The good news is that minus the Hudson-Odoi chance to open the match, none of the other Forest chances were greater than 12% to go in. But that is a lot of shots to concede against a relegation candidate for a team that rarely finds defensive solidity.

Liverpool’s commitment to fans and analysts alike this season is to be endlessly weird.

James Milner, whose face has somehow become more square and Lego-like with each passing year, broke Gareth Barry’s all-time appearance record in this match with his 654th PL appearance. Do we care? Eh, not really. Longevity is a thing, but excellence over time is a much bigger thing and PL historians can endlessly debate which one had the more meaningful career.

Brighton’s first goal came from Diego Gomez, who got a rebound off the crossbar after Brentford left Kadioglu both acres and ages to line up a shot from just outside the box. The second was Datboy Danny Welbeck, putting it away near the goal after Nathan Collins made one of the more amateur-looking non-clearances of the year.

Brighton mostly stopped attacking after the second (again NOT RECOMMENDED given the way PL teams can score this season), and Brentford failed to score despite a flurry in the second half.

Wolves are supposed to be DGF but they aren’t playing like it. Expected goals in this match were basically dead even at 1.55 to 1.58, and 14 shots to 12 despite a second yellow Ladislav Krejci at minute 61 (and perhaps more importantly a missed HORRIBLE penalty by Tolu Arokodare in minute 43).

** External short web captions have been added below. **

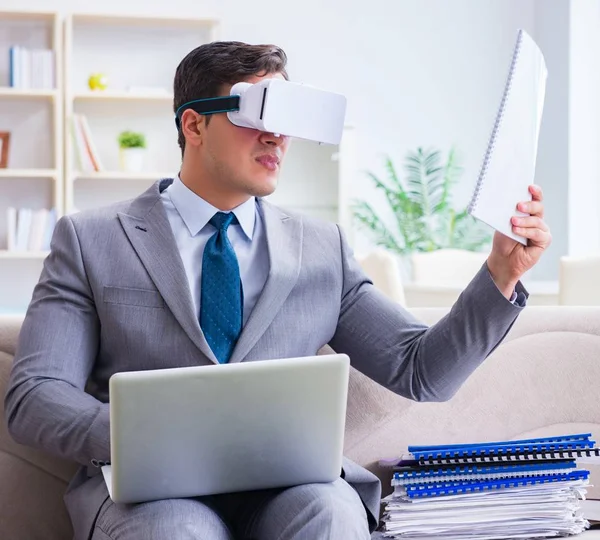 Üzletember virtuális valóság szemüveg a modern technológia co — Stock Fotó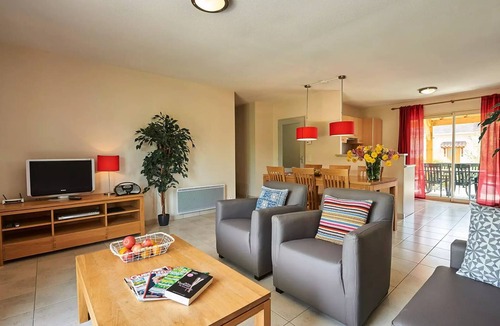 Lanzac Villa | Semi-detached villa, 1 bathroom, sleeps 4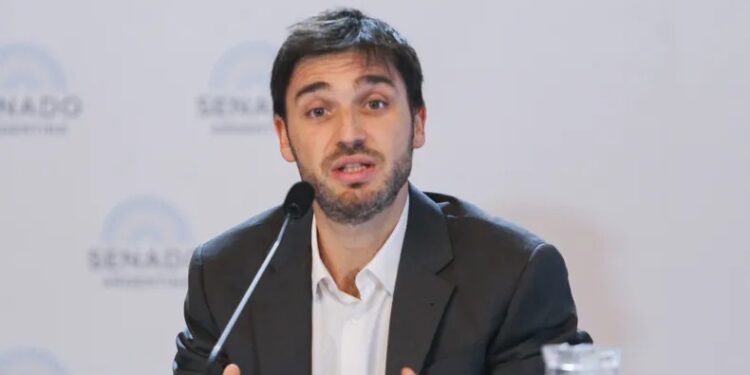 El gobernador Torres cuestiona al Gobierno y busca una salida.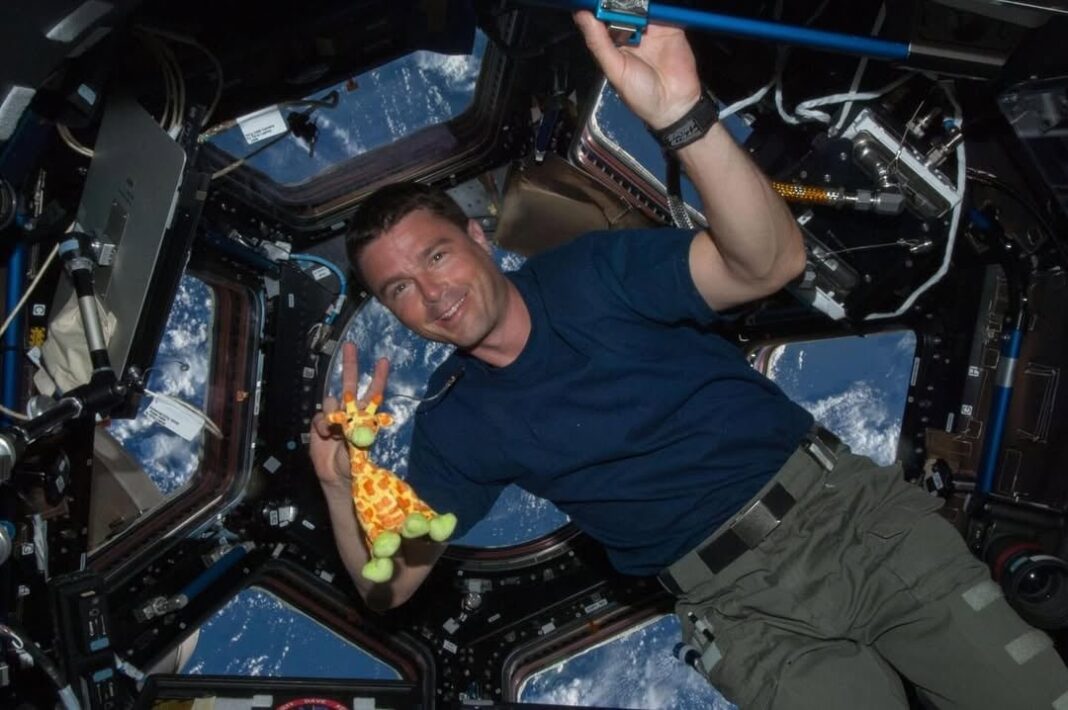 Reid Wiseman, piloto de la misión Artemis II, durante la conferencia de prensa tras el regreso a la Tierra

Palace are still a mess, but they are a mess with a small run of form, having only lost one of their last four, admittedly to Burnley. No, I don’t know what any of that means.

You know those times in the past where Sam Allardyce or Alan Pardew teams would be safe from relegation, and then see out the rest of the season in the most drunken fashion possible?

It feels like Sunderland are there.

However, check the underlying stats and this was neck and neck, if a little frantic. It’s only Sunderland’s second loss at home this season while Fulham keep doing their midtable-and-a-bit-boring thing every season.

Normally we make fun of bad teams who put up scoreless draws, but West Ham DOMINATED this match. 2.42 xg to .56 for Bournemouth. I was absolutely on the wrong side of this bet. The Hammers might be legit now — Forest (and Spurs?) should be very worried now.